Les mesures préventives seraient ordonnées par le directeur de la DANS ou le secrétaire général du ministère de l’Intérieur avec possibilité d’appel, à caractère non suspensif, auprès de la Cour administrative suprême, au titre du Code de procédure administrative. Le projet de loi ne précise pas si une personne à qui une mesure de contrôle a été imposée à tort ou par erreur aurait le droit à des réparations.
Amnesty International s’oppose au recours à des mesures de contrôle administratif qui, seules ou combinées à d’autres mesures, s’apparentent à une privation de liberté. S’il existe de bonnes raisons de soupçonner une personne de prévoir ou de préparer une infraction à caractère terroriste, cette personne doit être inculpée et jugée dans le cadre d’un procès conforme aux normes internationales d’équité. Le projet de loi semble indiquer que les mesures de contrôle administratif pourraient être utilisées en lieu et place de la procédure pénale, laquelle offre des garanties procédurales plus nombreuses et plus fortes. Ces mesures administratives risquent de porter atteinte à la liberté de circulation, d’expression et d’association des personnes qui en font l’objet ainsi qu’à leur droit à la vie privée.
État d’urgence
Au titre de l’article 31 du projet de loi, le président peut, avec l’accord de l’Assemblée nationale, déclarer l’« état d’urgence » à la suite d’un acte « terroriste » sur le territoire. En vertu du droit international, contraignant pour la Bulgarie, l’état d’urgence peut être déclaré uniquement « en cas de danger public menaçant la vie de la nation ». Il doit être inscrit dans la loi et toutes les mesures proposées dans le cadre de cet état d’urgence doivent être strictement requises par les exigences de la situation. Elles doivent être absolument nécessaires et proportionnées à l’objectif légitime recherché.
D’après le projet de loi, dans le cadre d’un état d’urgence officiellement déclaré, les autorités bulgares pourraient interdire tous les rassemblements, réunions et manifestations, ce qui porterait atteinte à la liberté d’expression et de réunion pacifique. L’une des principales sources d’inquiétude tient au fait que les interdictions des manifestations publiques pourraient être imposées dans des cas n’ayant aucun lien avec les raisons pour lesquelles l’état d’urgence a été déclaré. Les opposants politiques, les défenseurs des droits humains et d’autres personnes en désaccord avec la politique ou les actions du gouvernement risquent d’être victimes de la répression des libertés fondamentales, comme Amnesty International l’a constaté ailleurs en Europe.
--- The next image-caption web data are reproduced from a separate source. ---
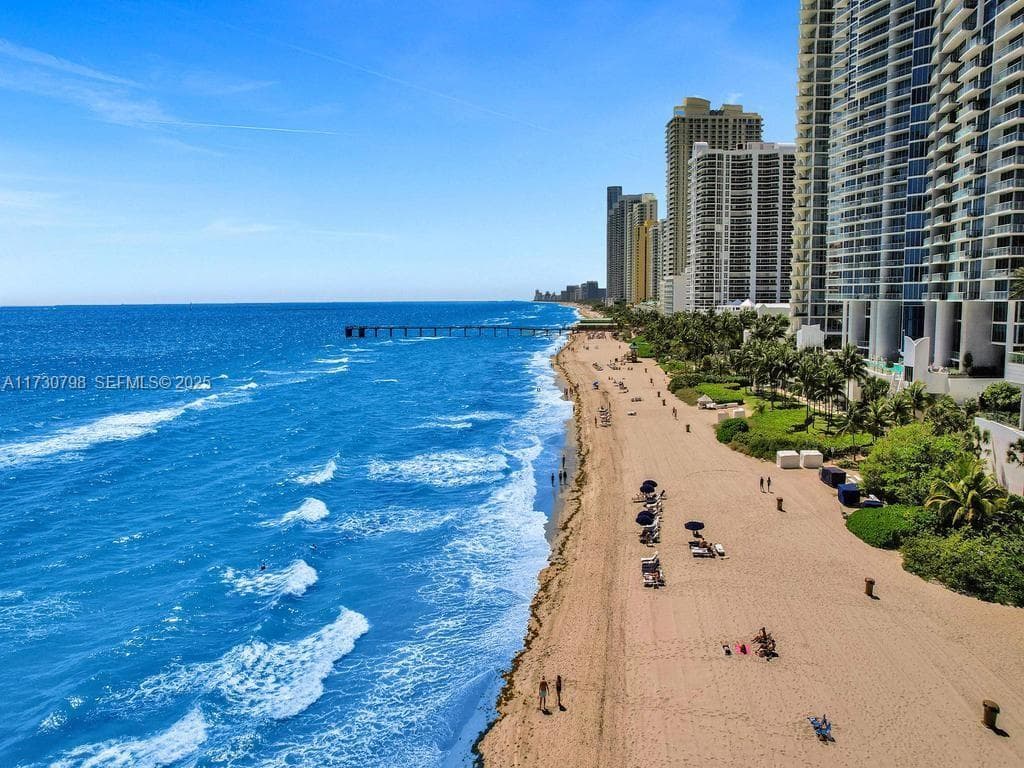 17121 Collins Ave 3905 photo 6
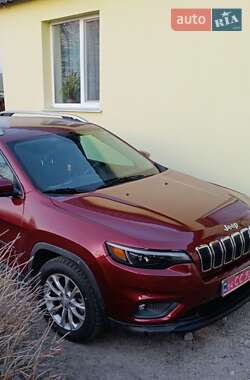 Внедорожник / Кроссовер Jeep Cherokee 2018 в 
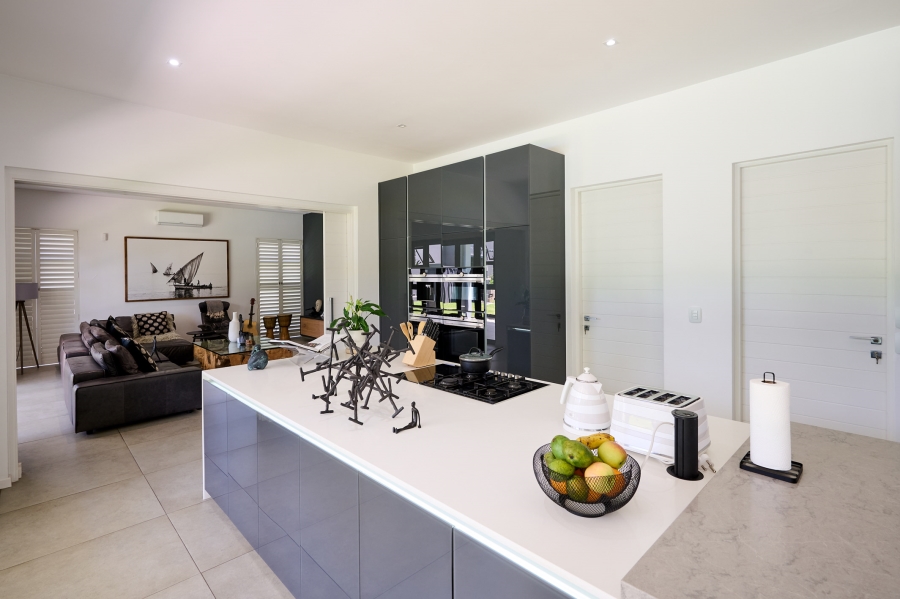4 Bedroom Property for Sale in Waterfall Country Estate Gauteng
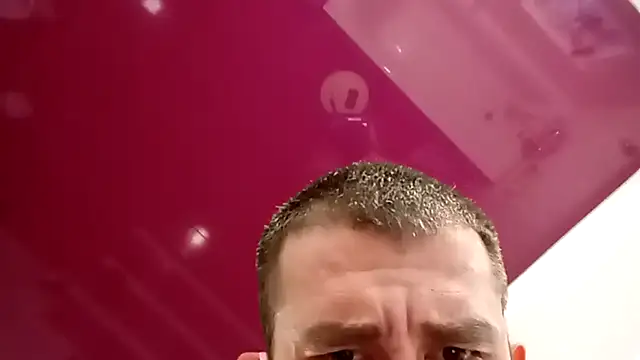 SexSanich Adlı Modelin Canlı XXX Sohbeti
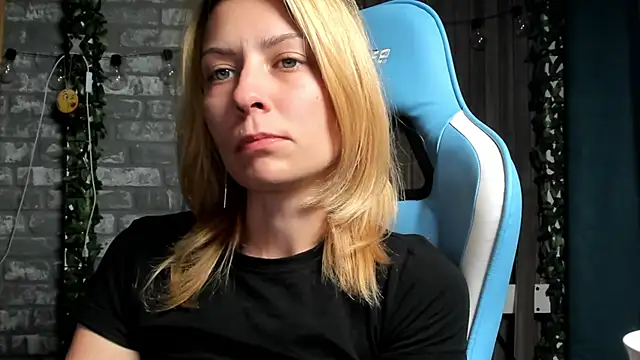 Snapshot of karo123421 chatting on 09.20.25 karo123421 online show from 09.20.25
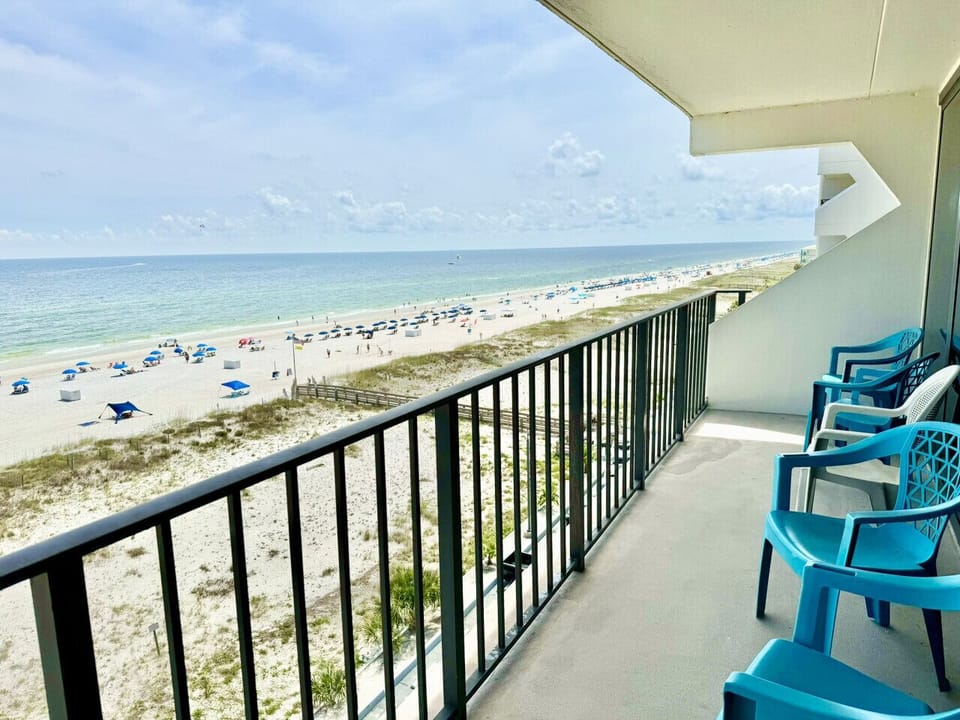 Angled balcony lets you have great sights down the beach.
Au titre du projet de loi, il serait possible d’interférer dans les communications électroniques pendant l’état d’urgence d’une manière qui pourrait représenter une violation du droit à la vie privée.
Amnesty International demande aux autorités bulgares de veiller à ce que la législation relative à la lutte contre le terrorisme dans le pays et la mise en œuvre de mesures en la matière soient conformes aux obligations internationales de la Bulgarie en matière de droits humains. De plus, le gouvernement ne doit pas adopter ce projet de manière accélérée, sans qu’un processus de consultation n’ait été engagé avec des experts et des acteurs de la société civile et sans tenir compte des inquiétudes en matière de droits humains et d’obligation de rendre des comptes pour les atteintes aux droits humains.